NOTE: This page is not a replacement for the manual. It is supplementary material and should be used only after reading PBS documentation: PBS Professional User’s Guide and PBS Professional Reference Guide. For users that maintain their own environments and shells, the PBS Pro binaries and man pages are installed in /usr/pbs/bin/ and /usr/pbs/man respectively. 

When logging onto the Grid, you are connected to the head node called Warrior. Compute nodes are accessed through the PBS Scheduler with either a batch job or an interactive (shell) job. Individual compute nodes cannot be accessed directly unless a user has job(s) running on said node. For information regarding available queues and nodes, refer to the Available HPC Nodes page.

Submitting Specific Types of Jobs

The examples below are samples of possible job files, which contain a script used for running a job. Job files can be used to define a shell, options, resources, and the job to be run. These job files are executed with the qsub command. These examples can be taken and modified to suit your needs. When creating a job file, be sure that there are no unwanted special characters or line breaks.
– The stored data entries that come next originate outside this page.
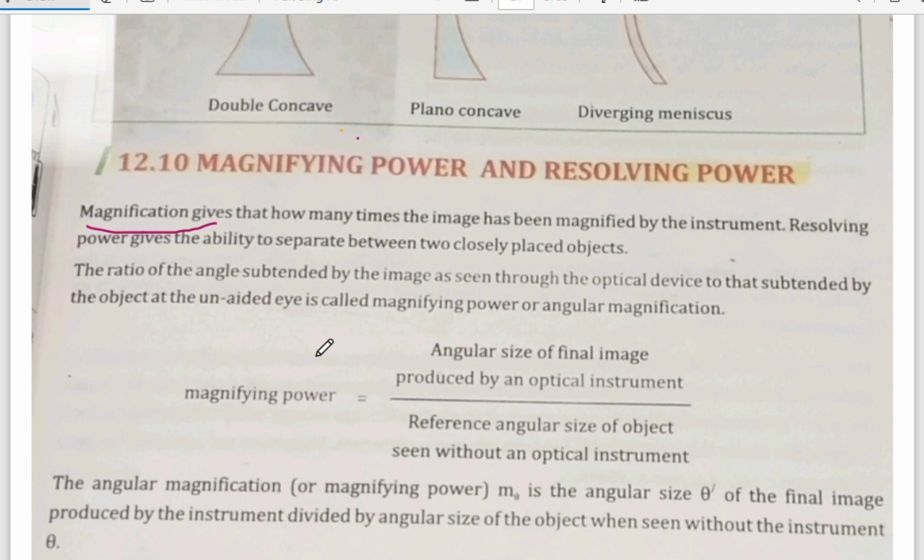Resolving power means how good you can focus on that after zooming in.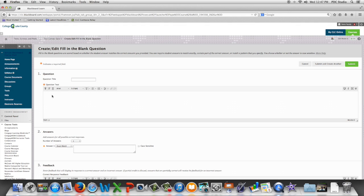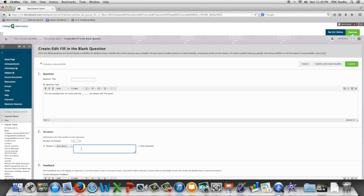We put our question or statement in the text box editor, and then we put our answer in the answer box.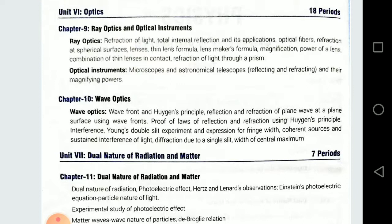Optical Instruments mein se ray diagrams — astronomical telescope ka ray diagram, then compound microscope ka ray diagram. Dhyaan rakhna hai normal adjustment pe final image banti hai infinity par. Aur ek aur important question: Which is a better telescope — reflecting type or refracting type? Reflecting, jisme mirror ka combination hota hai, are much better because they have no chromatic aberration and no spherical aberration.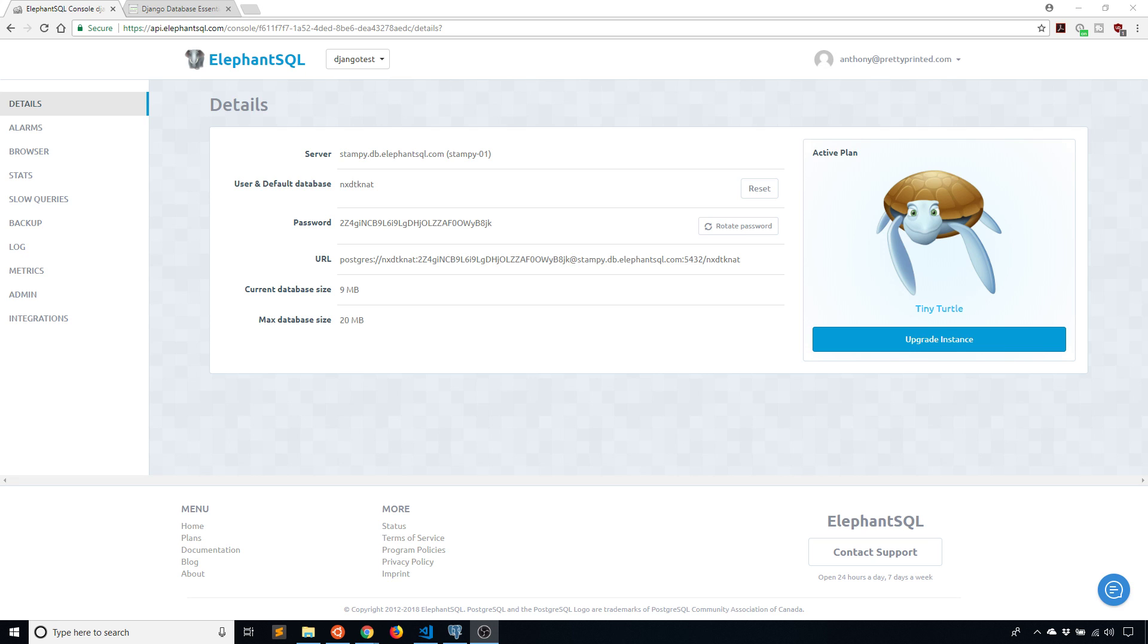Hey everyone, it's Anthony from PrettyPrinted here. In today's video I'll be showing you how to connect to a Postgres database using Django. This has been something that people have been asking me for a while, so I figured I'd cover it now.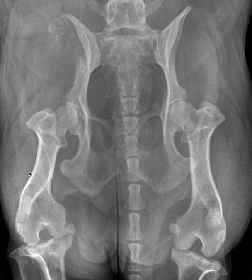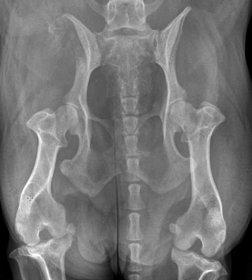Ventrodorsal hip-extended views are a great orthopedic view often because you have a built-in comparison between right and left sides. I want to make a quick note before I go into the main lesion. You might see that the patellae in this case are ever so slightly off to the side on the lateral aspect. The positioning of the femur and the angle of the tibia can really affect the apparent patellar position and can make it artifactually look luxated. So we have to be really careful when radiographs aren't perfectly straight not to over-interpret patellar position.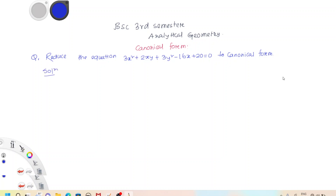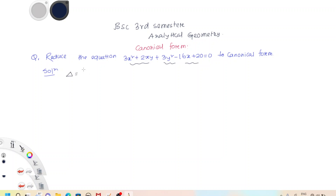Before transforming this equation to canonical form, let us first understand the nature of this general second-degree equation. The equation represents a conic section — ellipse, parabola, or hyperbola.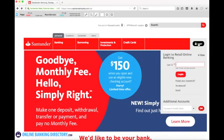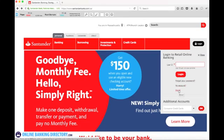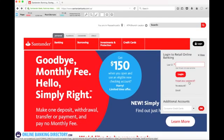Click that and you'll be taken to the screen where you can put in your user ID. If you do not already have an account, you can click on the enroll button. And if you forgot your password, you can click on the forgot password link.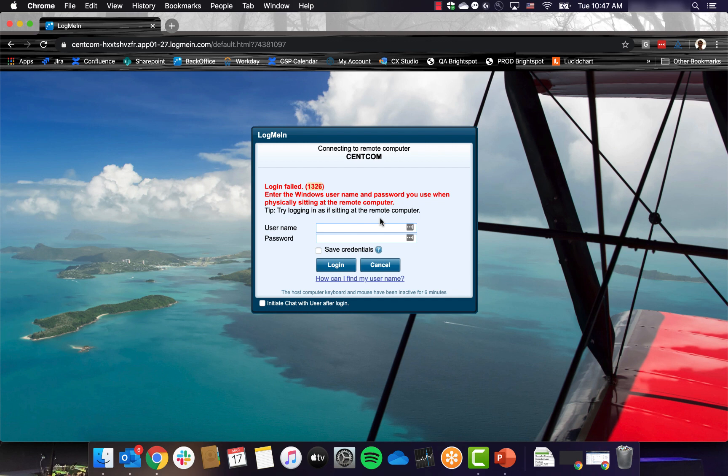Remember, you want to enter the username that appeared during the installation and the password for your work computer, just as if you were sitting at the machine in your office.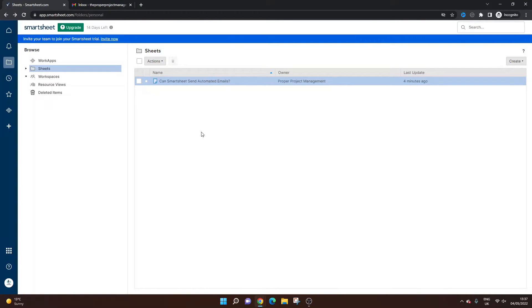Can Smartsheet send automated emails? Well, if you're asking that question, then you've come to the right place because today I'm going to be showing you exactly what is possible with this online tool.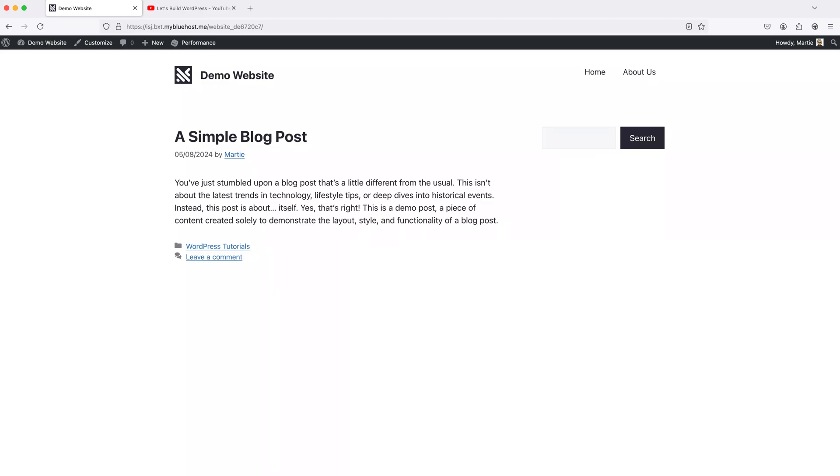Hi guys, my name is Marty from letsbuildwp.com and in this quick video I'm going to show you how to get menu links to open in a new tab on WordPress.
Single Threaded Applications

#!/bin/bash

#PBS -l ncpus=1

## The user requests one processor

#PBS -m ea

## Specifies an email to be sent when the job aborts or completes

#PBS -M zz9992@wayne.edu

## Specifies the email recipient

#PBS -o /wsu/home/zz/zz99/zz99992/pbs/job_name/completed/output_file

## Output to be written to the file 'output_file'

#PBS -e /wsu/home/zz/zz99/zz9992/pbs/job_name/completed/error_file

## Errors to be written to the file 'error_file'

 

cd $TMPDIR

## The user moves to the directory in /tmp called $TMPDIR created by PBS 

 

cp /wsu/home/zz/zz99/zz9992/pbs/job_name/script_file $TMPDIR

cp /wsu/home/zz/zz99/zz9992/pbs/job_name/data_file $TMPDIR

## The user copies the script and data files to the $TMPDIR directory

 

$TMPDIR/script_file\

## The script 'script_file' is executed

 

mv $TMPDIR/* /wsu/home/zz/zz99/zz9992/pbs/job_name/completed/.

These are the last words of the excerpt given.